I was hoping some of you may have some suggestions?
Notes: 
The numbers are the current actor positions(not final) listed in the order that people will be interact with them.
The haunt starts in the bottom Right in the picture, the 1 is outside/entrance person.
The top left right is sound room.
Rooms 4 & 5 can be changed or combined.
Thanks


----------



## offmymeds (May 26, 2010)

What about a sideshow or oddities room? Or you could have killer tigers and lions or mean elephants in a room with crushed people under them or limbs torn apart and half eaten. Or a trapeze act or tight rope walker person.................


----------



## Pumpkinprincess (Aug 8, 2007)

Dot Room. Search the forum or youtube for examples. Very easy to set up and very effective.


----------



## Paint It Black (Sep 15, 2011)

clowns with bloody weapons


----------



## Wolfbeard (Sep 22, 2008)

Freak shows are always a haunt hit!

Here are a few quick and fairly easy prop ideas. For the first one, I used a $2 kiddie car from a tag sale, a $10 kids clown costume from K-Mart, a wig head and a chicken wire and pvc body frame. ( I would love to rebuild this with a remote control kiddie car some day!)

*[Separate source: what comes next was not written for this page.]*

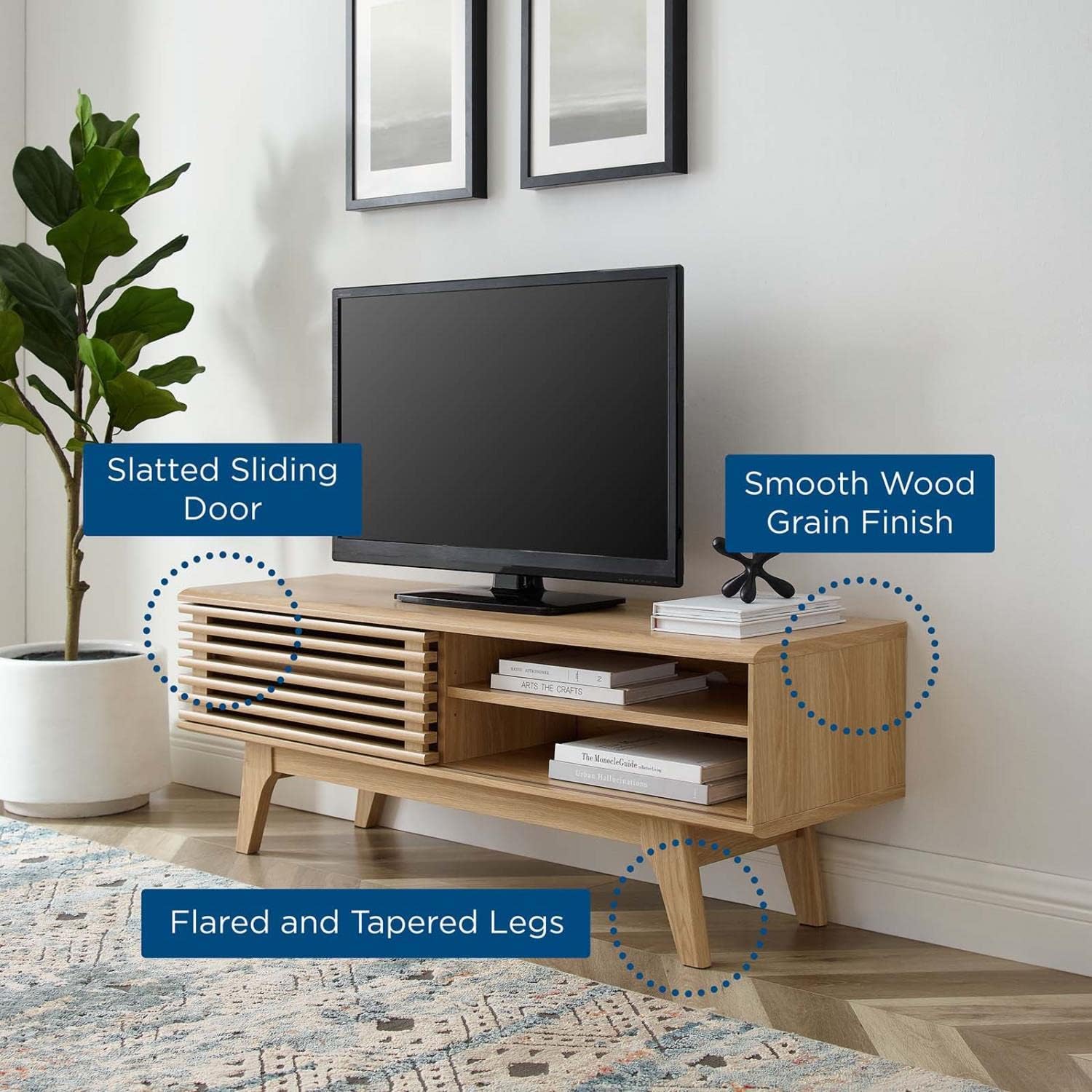 Modway Render Mid-Century Modern Low Profile 48 Inch TV Stand in Oak, 48'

Next is a pvc cage, with "The Twins." You can make a couple of identical clown props for this set up, or two actors instead.










Eric


----------



## Gumpster09 (Dec 17, 2009)

Thanks For All The Suggestions Everyone.


----------



## kittyvibe (Oct 27, 2008)

Im still building mine out, but I have some ideas, just not sure which direction. You can see what Ive got so far below. 

My ideas were ;
1.Fortune teller (crystal ball, ouija, tarot) I also am using a Zultan prop. A tall Zultan booth would be cool too. 

(Use a TV and cover it to simulate the crystal ball in booth, it can be interactive or just play on a loop. )

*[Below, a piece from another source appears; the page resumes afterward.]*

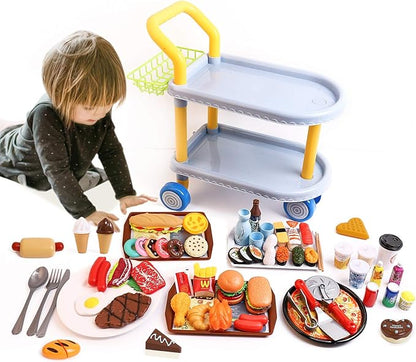 Kids Food cart Toy Sets,Kids Role Play Large Dining car Toys and 98pcs Food, Kitchen, Tableware Accessories., Educational Toys for 3+ Years Boys/Gir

2. vintage creepy dolls (for prizes on a shelf) with a balloon game and darts with victim pinned up. 

3. stirring rotten(cotton) candy prop with motion

4. metal signs and freakshow posters and side show items

5. the scent of cotton candy and popcorn ( nixed the idea of an actual popcorn popper machine on cart), Im thinking oil burners here

6. invisible dog on leash (loved this as a kid, dont see them anymore)

7. make a lion on a polar bear christmas frame (like an animated reindeer but its much bigger). and have a clown there with a hula hoop and "flames".

8. make more cotton candy sacs (a la killer knlowns from outer space)

9. funhouse mirrors

10. jester prop with marrionette

11. jack in box (animated)

12. huge life sized clapping monkey with cymbols

13. snake charmer

On a side note, I worked for Ringling Brothers for 2 years, first working with exotic animals then on the floor/rigging and performer assistant. I was on the red unit with Gunther Gebel Williams. 

These are my ideas because I have a smaller space, I just wanted to make one scene, but this could be doable if I used one single theme in the whole haunt. You can see what Ive got so far but its definitely needs work to make it more cohesive.


----------



## scaremenow (Oct 1, 2010)

Last year we had a clown theme as well. The thing that creeped everyone out the most was an 11 year old boy in a very spooky clown costume/mask. He sat in a chair in a corner and didn't move. Many people wouldn't even go by him. Certainly not an original idea, but still effective. Just proves that it doesn't take much to get a good scare!


----------



## Atomic Mystery Monster (Jul 29, 2003)

The Monster Maze has a lot of great spooky circus ideas. 

If you want some "pickled punks"-type display, you should find these tutorials useful. 

You can create a hall of mirrors using novelty mirror props, regular mirrors with spooky window clings on them and homemade fun house mirrors. I also suggest doing a Pepper's Ghost effect so that a seemingly normal mirror reveals a ghostly clown.


----------



## Gumpster09 (Dec 17, 2009)

oops wrong post, why doesn't this stupid think let me delete my post?

Thanks for the suggestions, I used a few of them and mixed them together.
Here is a preview I put on the actor page for my haunt. https://www.facebook.com/photo.php?v=439867256040584


----------